Learning effect – definition, explanation

The learning effect can mean one of two things

  1. How education leads to increased productivity and higher wages
  2. How production processes can learn from past production to increase productivity over time.

The learning effect can lead to a learning curve – which represents how average costs of production change over time.

Learning effect – Education

When there is spending on education, people will gain more skills such as literacy, numeracy and problem-solving skills. With this greater education, the general productivity (output per worker) of the economy will increase, leading to higher economic growth and firms will be able to increase wages.

Generally, economies with higher levels of education have higher real wages. An improvement in education should lead to higher productivity, though it may take considerable time.

Learning effect – production

Usually, when a product is first produced, the average cost of production is high because the first firm needs to learn by trial and error the best way to make the product. However, the more that the product is produced, firms will find more efficient ways to produce, and so they will learn how to make the good more efficiently.

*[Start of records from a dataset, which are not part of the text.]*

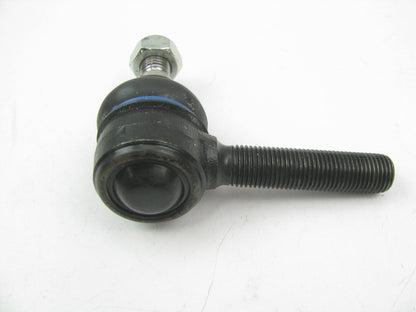 Autopart International 2600-70474 Steering Tie Rod End - Front Left Outer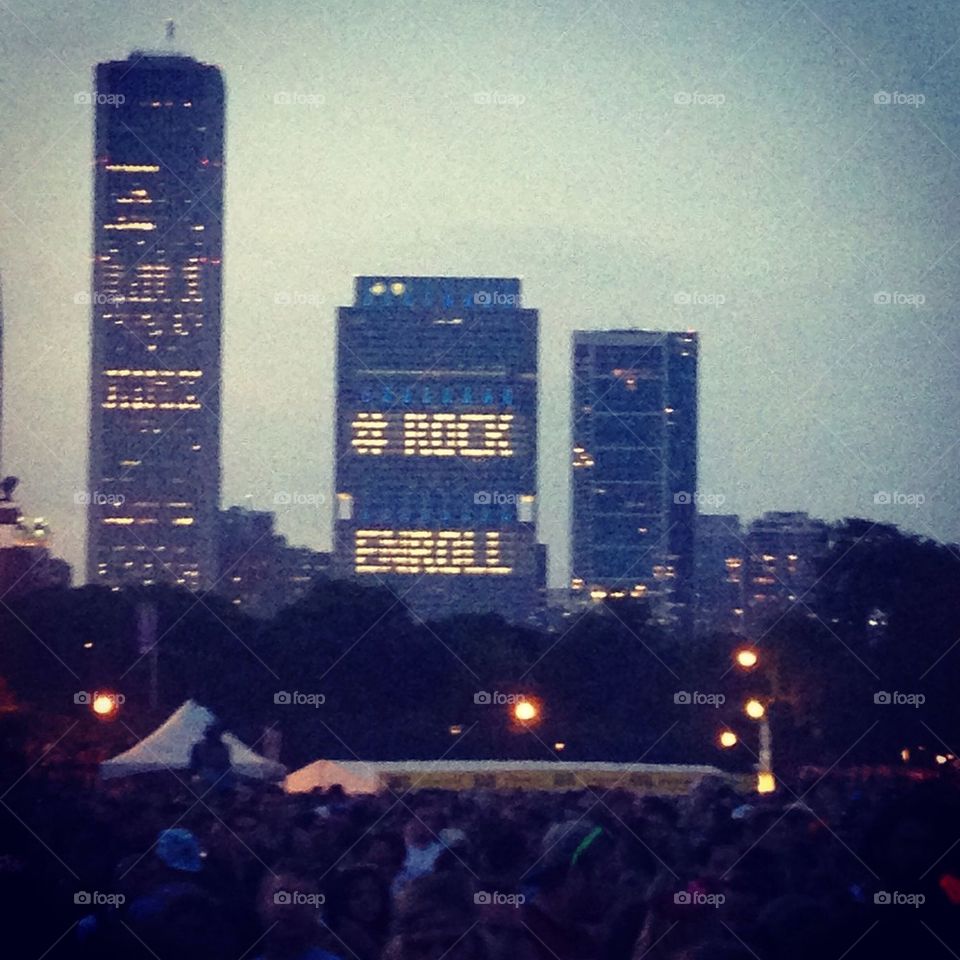 Lolla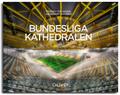 Bundesliga Kathedralen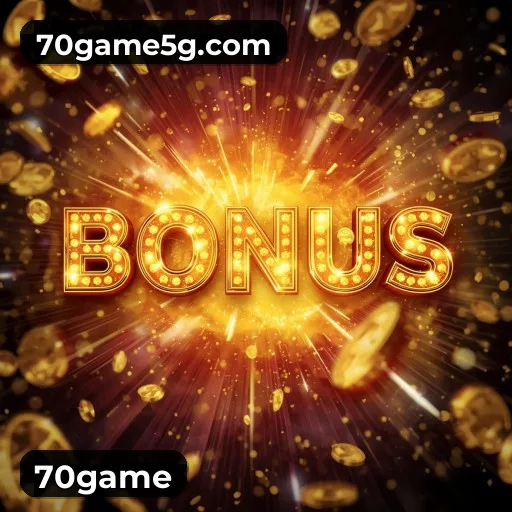 70game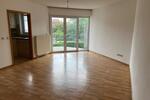 Etagenwohnung Schmelz - 2 Zimmer, 68 m&sup2;, 680&euro; | Angebot:24311015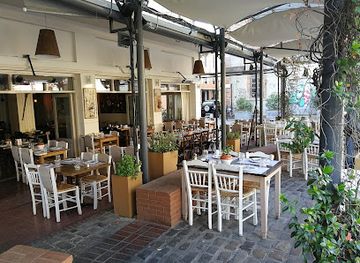 greece/thessaloniki/ladadika/restaurant/kioupia-ladadika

There are many different ways that firms can learn how to make goods cheaper.

  1. Finding the most efficient combination of capital and labour
  2. Making small improvements in the production process to reduce inefficiencies.
  3. Finding better materials, which can do the job more cheaply.
  4. Economies of scale from increasing production.
  5. External economies of scale as the industry increases in size. As the product develops, firms will benefit from improved supply chains and access to raw materials.
  6. As price falls and demand rises, it will stimulate more research and development leading to more productivity gains.
  7. As the market expands, the market is likely to attract new entrants and become more competitive, keeping prices down.

Example of learning effect – Solar modules

Source: Our World in Data

Price of electricity – learning curves

This graph shows the learning effect of new renewable energy sources, such as wind and solar power


This shows that wind and solar power have steep learning curves suggesting that their prices will continue to fall.

Why no learning effect for coal and nuclear power?

Coal powered energy is an established industry that has been around for many years, so its learning curve will have been stronger in the industry’s birth. These days, the biggest cost is the raw material coal. Productivity improvements cannot reduce the price of raw materials and so there is limited scope for reducing costs when raw material costs are fixed. Solar energy is not limited by raw material costs (the sun is free) Technology has the biggest impact on output.

Nuclear power has seen increased costs, which might reflect limited increase in capacity (countries are wary of massively increasing nuclear power). But, also as time progresses, countries may want to spend more on safety features which increases unit cost.